FULL RECOMMENDATION
INDUSTRIAL RELATIONS ACTS, 1946 TO 1990 SECTION 26(1), INDUSTRIAL RELATIONS ACT, 1990 PARTIES : DEPARTMENT OF EDUCATION & SKILLS - AND - IRISH MUNICIPAL, PUBLIC AND CIVIL TRADE UNION SERVICES INDUSTRIAL PROFESSIONAL TECHNICAL UNION DIVISION : Chairman: Mr Duffy Employer Member: Ms Cryan Worker Member: Ms Tanham |
1. Number of hours in a working week for Special Needs Assistant (Job Sharing)
BACKGROUND:
2. This dispute concerns the number of working hours for Job Sharing Special Needs Assistants (SNAs) in primary and secondary schools. This dispute could not be resolved at local level and was the subject of a Conciliation Conference under the auspices of the Labour Relations Commission. As agreement was not reached, the dispute was referred to the Labour Court on the 13th January, 2014, in accordance with Section 26(1) of the Industrial Relations Act, 1990. A Labour Court hearing took place on the 27th February, 2014.
UNION'S ARGUMENTS:
3 1 SNAs have always had access to the same job share scheme which was and still is available to teachers.
2 SNAs are the only group of Public Service workers who do not enjoy the full protections of the Haddington Road Agreement.
3 The Employer is seeking to change the nationally agreed hours for SNAs.
EMPLOYER'S ARGUMENTS:
4 1 An agreement between both sides has been in existence since 2004.
2 SNAs are paid in accordance with this agreement.
3 There is no reason why the pay rate should now be calculated in a different manner.
RECOMMENDATION:
The starting point for the Court’s consideration of this case is that any arrangement put in place must conform to the requirements of the Protection of Employees (Part-Time Work) Act 2001. Given that there appears to be variations in attendance hours of full-time SNAs between schools and between types of schools, a uniform attendance requirement for part-time job-sharers might not fully comport with that legislation.
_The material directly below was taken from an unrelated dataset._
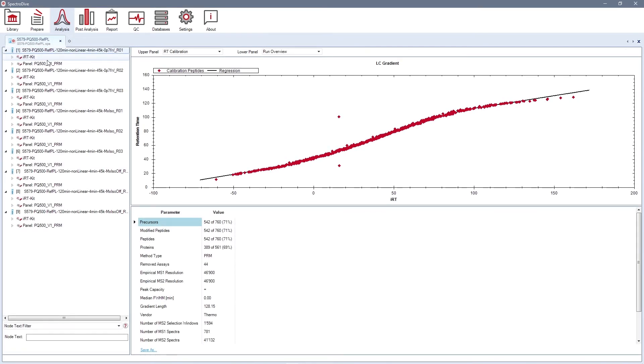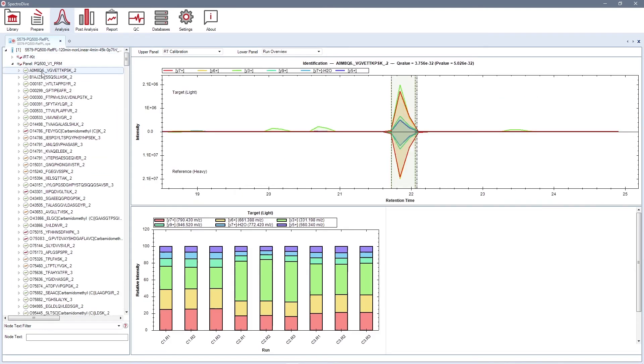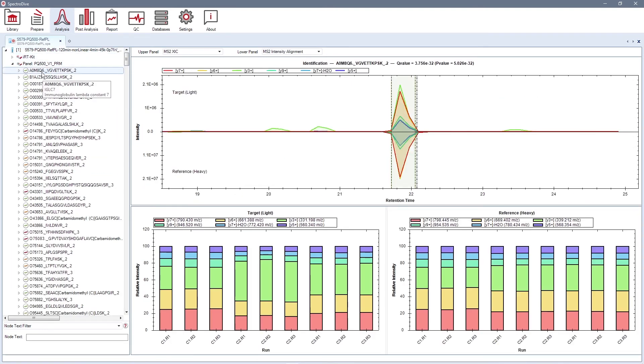Once the analysis is finished, SpectroDive gives you several powerful and easily accessible visualizations for browsing your data. For example, for the elution group, you can visualize MS2-XIC, where XIC signals for all transitions for both targeted and reference peptides are aligned and presented alongside.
In that regard it seems clear to the Court that any arrangement which could require a job-sharer to work more than 50% of the hours actually worked by a comparable full-time SNA, for 50% of the full-time rate, would not comply with the Act of 2001.
The Court accepts that there is cogency in the agreement advanced by the Department to the effect that agreement on a fixed number of hours for job-sharers is a prerequisite to the effective administration of a scheme of the type envisaged. In that regard the Court is concerned that a recommendation in line with that sought by the Unions might result in the scheme envisaged being impracticable from an administrative perspective. In that regard the absence of any agreed understanding on what constitutes the normal working hours of a full-time SNA is a major impediment to resolving the issue now before the Court.
The Court is not satisfied that the difficulties articulated by both sides in the course of the hearing have been fully or adequately explored in conciliation. For that reason the Court believes that before those issues can be addressed in any recommendation that the Court may make, they should be explored more fully by the parties in conciliation.
The focus of further engagement between the parties should be directed at identifying how a system which is fully compliant with the Protection of Employees (Part-Time Work) Act 2001 could operate within the centralised administrative arrangements of the Department.
Accordingly, the Court recommends that the parties return to conciliation for the purpose set out above. If the matter cannot be resolved within a period of not more than three months from the resumption of conciliation it may be referred back to the Court for a definitive recommendation.
Signed on behalf of the Labour Court
Kevin Duffy
12th March, 2014______________________
CO'RChairman
NOTE
Enquiries concerning this Recommendation should be addressed to Clodagh O'Reilly, Court Secretary.